IMO, if you're going to do mixed species tanks it's best to house creatures together that come from a common habitat.  In this case N. americanus has a greater distribution and likely more tolerancy to cold/wider acceptability of different conditions.  Not to say you couldn't be successful with keeping other species together but this would probably be ideal from those among your list.


----------



## shebeen (Oct 24, 2012)

See my reply in First Millipede Questions for my experience with 4 of the millipedes on your list.

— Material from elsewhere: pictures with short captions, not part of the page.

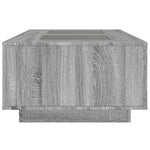 Salontafel Met Infinity Led Eiken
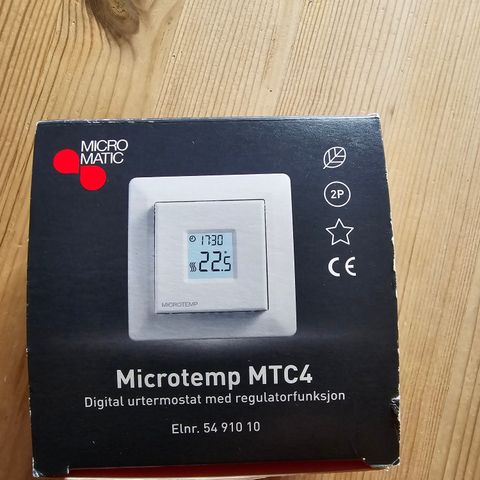 Micro Matic Termostat MTC4 Microtemp hvit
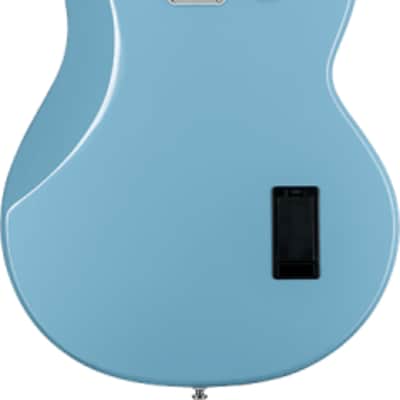 Sterling StingRay RAY4 Left-Handed 4-String Bass Guitar, Hard Maple Fingerboard, Chopper Blue image 3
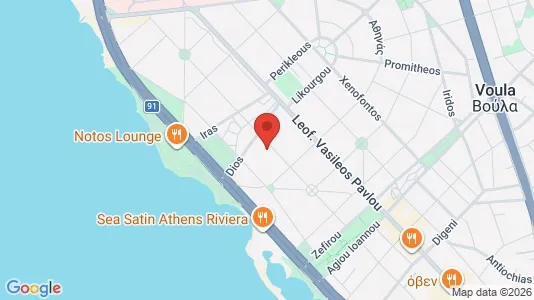 Apartments for rent i Glyfada - kort over placeringen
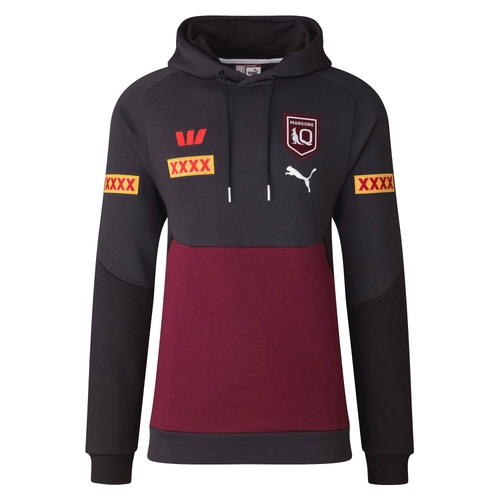 Queensland Maroons 2025 QRL Puma Team Hoodie Sizes S-4XL!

I have a false bottom in my Florida Ivory tank.  The other day, I noticed that a couple of the baby millipedes had managed to make their way to the bottom of the substrate and through the window screen that holds it above the reservoir.  The substrate is 5 inches deep.  I'm not sure if a couple more inches of substrate would prevent this, but it probably wouldn't hurt.  I'm not too concerned since I figure if they made it down there, they can probably make it back.  Plus, I have so many offspring that losing a couple is not a big deal.  However, if I was trying to breed an expensive species like the Thai Rainbow, I might reconsider the false bottom or use deeper substrate and a finer mesh screen.


----------



## VictorHernandez (Oct 24, 2012)

How 'bout if I use a false bottom without the wire mesh. Just straight out one or two inches of aquarium pebbles and dump substrate all the way to 6". would the rest cohabitate fine? I am thinking of also acquiring some Macrolenostreptus brachycerus into the mix because it reproduces well and are neat looking.

List is ranked, but I have some questions on some of the species:

Narceus americanus

Macrolenostreptus brachycerus

Chicobolus spinigerus, ivory, and Ebony morph.

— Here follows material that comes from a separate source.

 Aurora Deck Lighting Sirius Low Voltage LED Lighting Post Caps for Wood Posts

Anadenobolus monilicornis: I heard that these have a high death rate, but high reproduction rate. Is this true?

Trigoniulus corallinus
Florida Scarlet Millipede: Is the Florida Scarlet the same as the T. corallinus? KTBG has them seperate.

Orthoporus ornatus
Orthopotus texicolens: O. ornatus and O. texicolens are desert species... Why do they require a humid setup?

Thai Rainbow

Last question...On average, how long smaller species of Millipedes like these live?
I think I'll start out with buying only females of each species. Add males later.


----------



## shebeen (Oct 25, 2012)

Substrate on top of gravel, without a screen separating them, would probably work just fine.  I don't use gravel in my false bottoms so I need some type of screen to hold the substrate above the water reservoir.

Anadenobolus monilicornis are quite prolific.  I've had 5 for about a year and they have produced numerous offspring.  I haven't counted, but judging from what I can see, there's well over a 100 babies in the substrate, the largest being about 3/4 inch in length.  I think you've been misinformed about their death rate.  In his book, Giant Millipedes, Orin gives them a Hardiness rating of 10 and states, "Adults never seem to die and molt every year or two.".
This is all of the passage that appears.